[COLLECTED MATERIAL Boundary: Start]

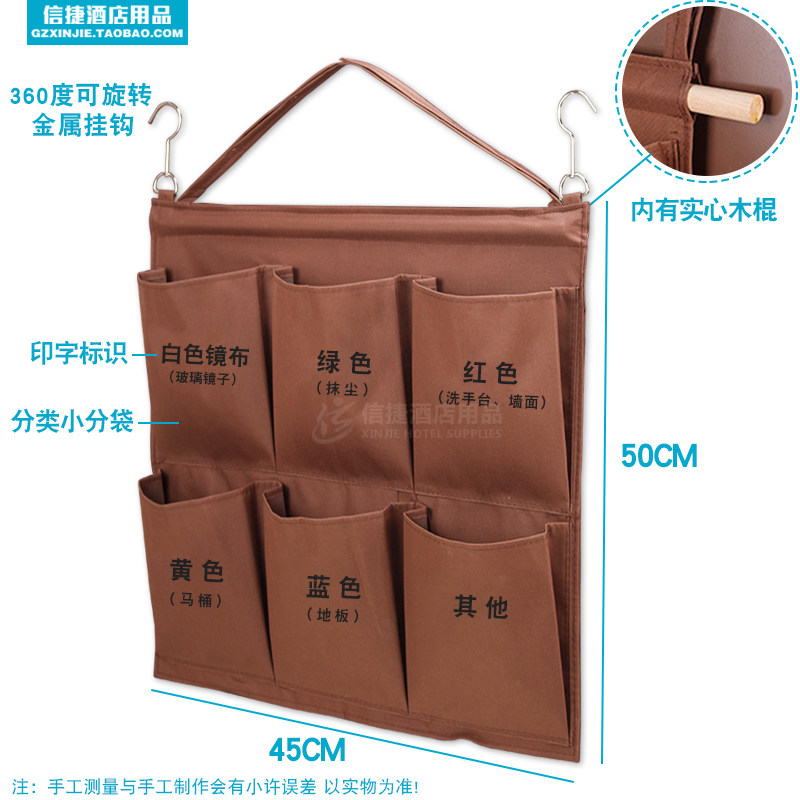 希尔顿印字酒店客房工作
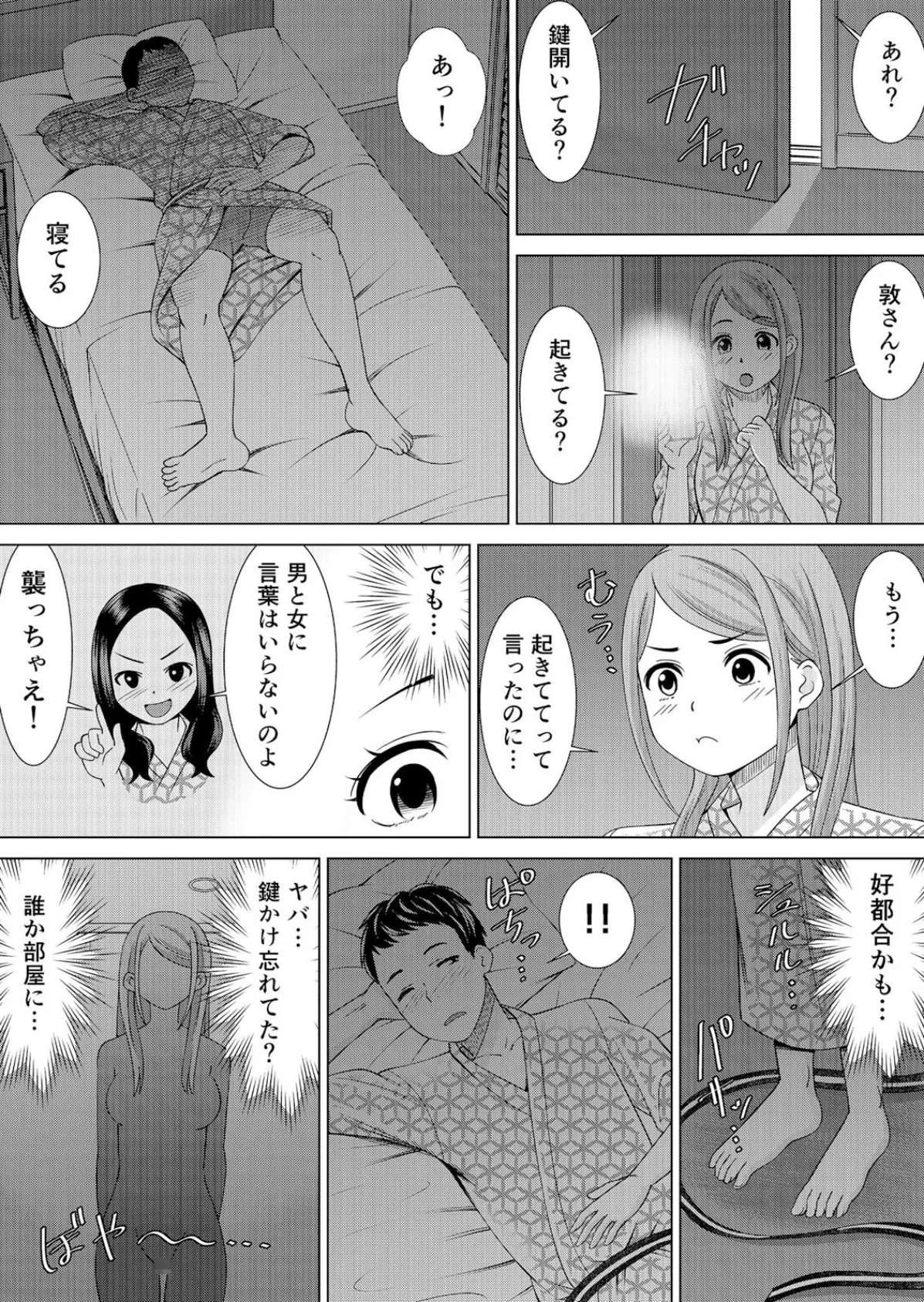 息子の俺がボ●キした！？ 若返ったお母さんが可愛すぎた件【フルカラー】 10ページ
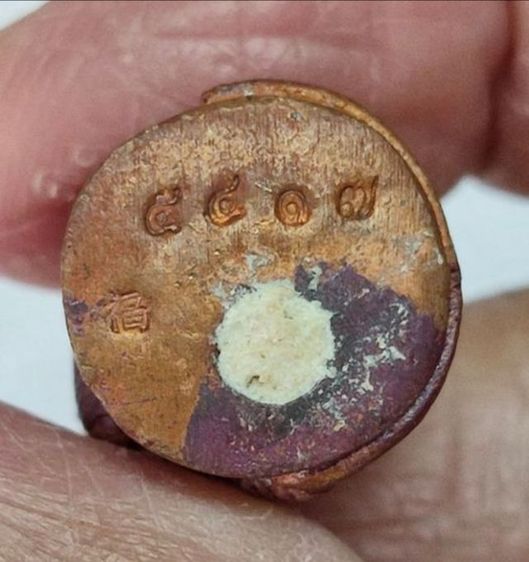 หนุมาน หลวงพ่อทอง วัดบ้านไร่  รูปที่ 4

[COLLECTED MATERIAL Boundary: End]

# INSTRUCTIONS TO FOLLOW
Please ensure that the data above is repeated exactly, with no pictures in the copy.

# WRITTEN ANSWER
 希尔顿印字酒店客房工作
 息子の俺がボ●キした！？ 若返ったお母さんが可愛すぎた件【フルカラー】 10ページ
 หนุมาน หลวงพ่อทอง วัดบ้านไร่  รูปที่ 4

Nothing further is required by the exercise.